Conceptually, the bumping procedure keeps looking for any empty slots. If it finds one, it takes the earliest transaction that is on the WaitingList and marks it as Booked.

When tested without concurrency, the logic works. We have two transactions:

• 12:00 pm: WaitingList
• 12:20 pm: WaitingList

There is 1 allocation, and 0 booked transactions, so we mark the earlier transaction as booked:

• 12:00 pm: Booked
• 12:20 pm: WaitingList

The next time the task runs, there is now 1 slot being taken up – so there is nothing to update.

If we then update the first transaction, and put it onto the WaitingList:

UPDATE Transactions SET ApprovalStatus='WaitingList'
WHERE TransactionID = 60981

Then we're back where we started:

• 12:00 pm: WaitingList
• 12:20 pm: WaitingList

Note: You may be wondering why i'm putting a transaction back on the waiting list. That's a casualty of the simplified toy model. In the real system transactions can be PendingApproval, which also occupies a slot. A PendingApproval transaction is put onto the waiting list when it is approved. Doesn't matter. Don't worry about it.

But when i introduce concurrency, by having a second window constantly putting the first transaction back onto the waiting list after being booked, then the later transaction managed to get the booking:

• 12:00 pm: WaitingList
• 12:20 pm: Booked

The toy test scripts catch this, and stop iterating:

Msg 50000, Level 16, State 1, Line 41
The later tranasction, that should never be booked, managed to get booked!

Why?

The question is, why in this toy model, is this bail-out condition being triggered?

There are two possible states for the first transaction's approval status:

• Booked: in which case the slot is occupied, and the later transaction cannot have it
• WaitingList: in which case there is one empty slot, and two transactions who want it. But since we always select the oldest transaction (i.e.
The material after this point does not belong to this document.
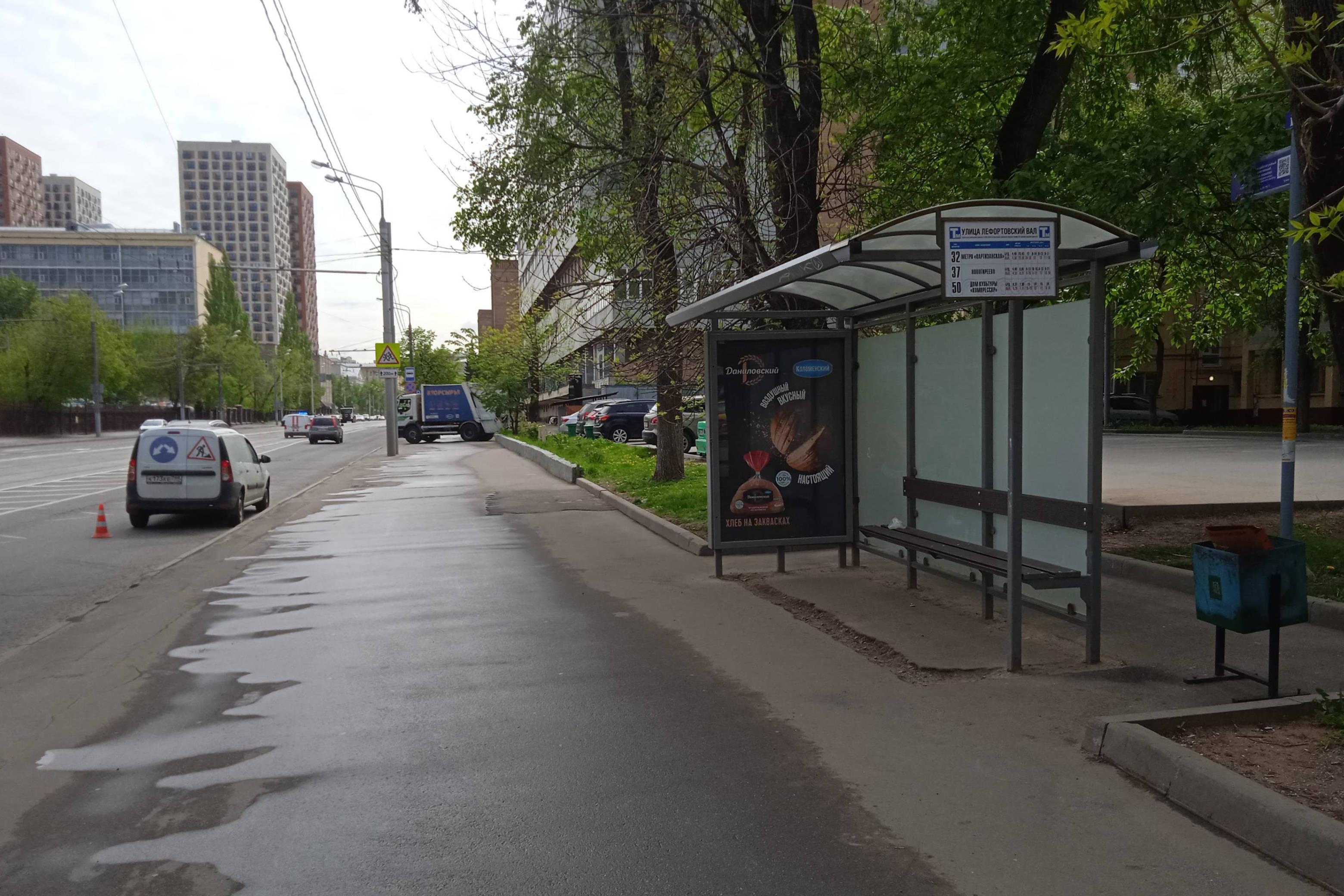 Фотография рекламного носителя, тип: Остановка 1.8x1.2, адрес: Красноказарменная ул., д.12, корп.1, Москва, Россия. Сторона А №992056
ORDER BY CreatedDate) the first transaction should get it.

I thought maybe because of other indexes

I learned that after an UPDATE has started, and data has been modified, it is possible to read the old values. In the initial conditions:

• Clustered index: Booked
• Non-clustered index: Booked

Then i do an update, and while the clustered index leaf node has been modified, any non-clustered indexes still contain the original value and are still available for reading:

• Clustered index (Exclusive lock): Booked WaitingList
• Non-clustered index: (unlocked) Booked

But that doesn't explain the observed problem. Yes the transaction is no longer Booked, meaning there is now an empty slot. But that change is not committed yet, it is still exclusively held. If the bumping procedure ran, it would either:

• block: if snapshot isolation database option is off
• read the old value (e.g. Booked): if snapshot isolation is on

Either way, the bumping job would not know there is an empty slot.

So i have no idea

We've been struggling for days for figure out how these nonsensical results could happen.

You may not understand the original system, but there's a set of toy reproducible scripts. They bail out when the invalid case is detected. Why is it being detected? Why is it happening?

Bonus Question

How does NASDAQ solve this? How does cavirtex? How does mtgox?

tl;dr

There's three script blocks. Put them into 3 separate SSMS tabs and run them. The 2nd and 3rd scripts will raise an error. Help me figure out why they error appears.